> The problem
Below are some records; quote exactly the lines from the one that contains "Wonder Woman Gal" through the one that contains "Teal scrubs", inclusive, and no others.

Collected data:
== == ==

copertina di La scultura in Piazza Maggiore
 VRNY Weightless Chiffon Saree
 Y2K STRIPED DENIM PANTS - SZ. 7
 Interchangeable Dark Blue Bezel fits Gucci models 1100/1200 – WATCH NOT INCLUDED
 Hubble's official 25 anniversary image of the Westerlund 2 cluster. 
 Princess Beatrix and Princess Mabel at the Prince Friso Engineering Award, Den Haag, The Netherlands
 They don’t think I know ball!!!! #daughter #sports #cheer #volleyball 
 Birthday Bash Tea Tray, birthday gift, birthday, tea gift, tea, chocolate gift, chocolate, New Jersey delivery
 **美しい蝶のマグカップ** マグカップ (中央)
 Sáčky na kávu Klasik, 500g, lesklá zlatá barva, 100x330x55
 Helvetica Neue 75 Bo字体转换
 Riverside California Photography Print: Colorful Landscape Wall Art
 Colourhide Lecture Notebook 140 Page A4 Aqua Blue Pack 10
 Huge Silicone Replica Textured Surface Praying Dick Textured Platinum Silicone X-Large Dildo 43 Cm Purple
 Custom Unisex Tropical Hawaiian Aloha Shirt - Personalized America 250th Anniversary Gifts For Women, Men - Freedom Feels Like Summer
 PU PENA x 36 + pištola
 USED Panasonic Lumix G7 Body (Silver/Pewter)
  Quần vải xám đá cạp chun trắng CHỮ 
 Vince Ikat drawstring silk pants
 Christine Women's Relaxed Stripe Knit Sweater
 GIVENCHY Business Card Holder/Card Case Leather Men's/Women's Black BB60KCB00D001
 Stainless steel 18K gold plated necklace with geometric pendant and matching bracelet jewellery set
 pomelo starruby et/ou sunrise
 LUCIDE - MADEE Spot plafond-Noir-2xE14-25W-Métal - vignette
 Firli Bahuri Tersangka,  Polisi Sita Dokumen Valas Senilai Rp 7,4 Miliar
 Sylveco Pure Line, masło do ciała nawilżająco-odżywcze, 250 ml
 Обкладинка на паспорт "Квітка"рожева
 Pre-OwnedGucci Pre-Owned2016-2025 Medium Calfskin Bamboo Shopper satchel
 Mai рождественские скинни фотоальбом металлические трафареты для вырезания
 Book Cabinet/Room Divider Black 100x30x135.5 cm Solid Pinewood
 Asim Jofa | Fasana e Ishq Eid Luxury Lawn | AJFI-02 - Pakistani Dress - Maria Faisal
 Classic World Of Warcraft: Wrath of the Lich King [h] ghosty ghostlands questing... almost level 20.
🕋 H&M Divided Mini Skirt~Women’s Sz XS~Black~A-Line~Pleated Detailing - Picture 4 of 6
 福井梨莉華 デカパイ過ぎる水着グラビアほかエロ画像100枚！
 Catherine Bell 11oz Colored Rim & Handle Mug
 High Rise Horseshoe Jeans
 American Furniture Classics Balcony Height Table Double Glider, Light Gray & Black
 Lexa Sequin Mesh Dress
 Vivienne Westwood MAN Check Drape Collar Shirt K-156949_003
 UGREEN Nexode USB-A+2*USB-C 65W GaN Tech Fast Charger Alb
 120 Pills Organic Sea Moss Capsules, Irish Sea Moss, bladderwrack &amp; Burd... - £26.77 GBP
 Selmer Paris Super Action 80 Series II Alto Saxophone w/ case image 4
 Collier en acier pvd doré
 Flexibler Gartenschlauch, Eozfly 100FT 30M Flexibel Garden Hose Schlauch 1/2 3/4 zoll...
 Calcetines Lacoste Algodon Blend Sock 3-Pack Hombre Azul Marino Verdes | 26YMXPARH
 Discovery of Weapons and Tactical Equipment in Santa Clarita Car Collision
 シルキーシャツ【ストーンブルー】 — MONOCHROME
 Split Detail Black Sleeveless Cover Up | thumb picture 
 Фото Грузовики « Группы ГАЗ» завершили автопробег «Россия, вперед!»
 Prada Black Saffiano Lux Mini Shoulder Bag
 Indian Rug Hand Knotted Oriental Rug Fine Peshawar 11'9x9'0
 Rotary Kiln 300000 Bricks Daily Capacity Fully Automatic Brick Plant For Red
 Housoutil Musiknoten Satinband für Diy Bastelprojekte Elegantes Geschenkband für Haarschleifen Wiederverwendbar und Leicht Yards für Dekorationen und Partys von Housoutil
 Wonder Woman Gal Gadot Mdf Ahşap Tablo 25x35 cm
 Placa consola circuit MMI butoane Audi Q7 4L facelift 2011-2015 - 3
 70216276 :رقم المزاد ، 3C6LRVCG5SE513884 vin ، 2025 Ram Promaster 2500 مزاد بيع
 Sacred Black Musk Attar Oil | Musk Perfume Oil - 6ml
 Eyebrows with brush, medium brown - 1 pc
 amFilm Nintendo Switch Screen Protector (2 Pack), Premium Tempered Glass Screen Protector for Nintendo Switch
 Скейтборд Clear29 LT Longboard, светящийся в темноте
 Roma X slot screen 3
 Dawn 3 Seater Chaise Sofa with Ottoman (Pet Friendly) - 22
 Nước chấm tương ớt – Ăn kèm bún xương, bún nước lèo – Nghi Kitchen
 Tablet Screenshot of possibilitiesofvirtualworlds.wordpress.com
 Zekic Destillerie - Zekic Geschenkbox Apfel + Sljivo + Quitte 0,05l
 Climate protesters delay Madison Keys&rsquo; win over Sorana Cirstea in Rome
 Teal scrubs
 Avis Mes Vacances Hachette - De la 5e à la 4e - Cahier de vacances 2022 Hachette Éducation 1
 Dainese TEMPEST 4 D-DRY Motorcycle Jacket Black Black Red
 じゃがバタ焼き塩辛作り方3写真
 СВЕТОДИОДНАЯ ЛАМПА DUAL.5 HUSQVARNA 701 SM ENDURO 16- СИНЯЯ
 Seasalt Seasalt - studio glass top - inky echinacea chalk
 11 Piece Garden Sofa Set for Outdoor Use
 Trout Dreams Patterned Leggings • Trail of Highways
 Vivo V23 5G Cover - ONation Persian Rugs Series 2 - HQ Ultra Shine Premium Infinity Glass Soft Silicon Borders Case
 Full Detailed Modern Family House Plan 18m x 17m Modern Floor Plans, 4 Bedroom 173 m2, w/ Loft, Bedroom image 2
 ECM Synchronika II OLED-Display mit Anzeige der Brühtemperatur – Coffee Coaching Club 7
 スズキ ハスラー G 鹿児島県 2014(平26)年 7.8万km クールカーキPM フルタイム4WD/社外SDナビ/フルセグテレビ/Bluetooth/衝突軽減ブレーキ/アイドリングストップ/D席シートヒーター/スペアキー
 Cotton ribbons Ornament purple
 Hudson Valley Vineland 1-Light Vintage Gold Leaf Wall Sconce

== == ==

> Exercise output
 Wonder Woman Gal Gadot Mdf Ahşap Tablo 25x35 cm
 Placa consola circuit MMI butoane Audi Q7 4L facelift 2011-2015 - 3
 70216276 :رقم المزاد ، 3C6LRVCG5SE513884 vin ، 2025 Ram Promaster 2500 مزاد بيع
 Sacred Black Musk Attar Oil | Musk Perfume Oil - 6ml
 Eyebrows with brush, medium brown - 1 pc
 amFilm Nintendo Switch Screen Protector (2 Pack), Premium Tempered Glass Screen Protector for Nintendo Switch
 Скейтборд Clear29 LT Longboard, светящийся в темноте
 Roma X slot screen 3
 Dawn 3 Seater Chaise Sofa with Ottoman (Pet Friendly) - 22
 Nước chấm tương ớt – Ăn kèm bún xương, bún nước lèo – Nghi Kitchen
 Tablet Screenshot of possibilitiesofvirtualworlds.wordpress.com
 Zekic Destillerie - Zekic Geschenkbox Apfel + Sljivo + Quitte 0,05l
 Climate protesters delay Madison Keys&rsquo; win over Sorana Cirstea in Rome
 Teal scrubs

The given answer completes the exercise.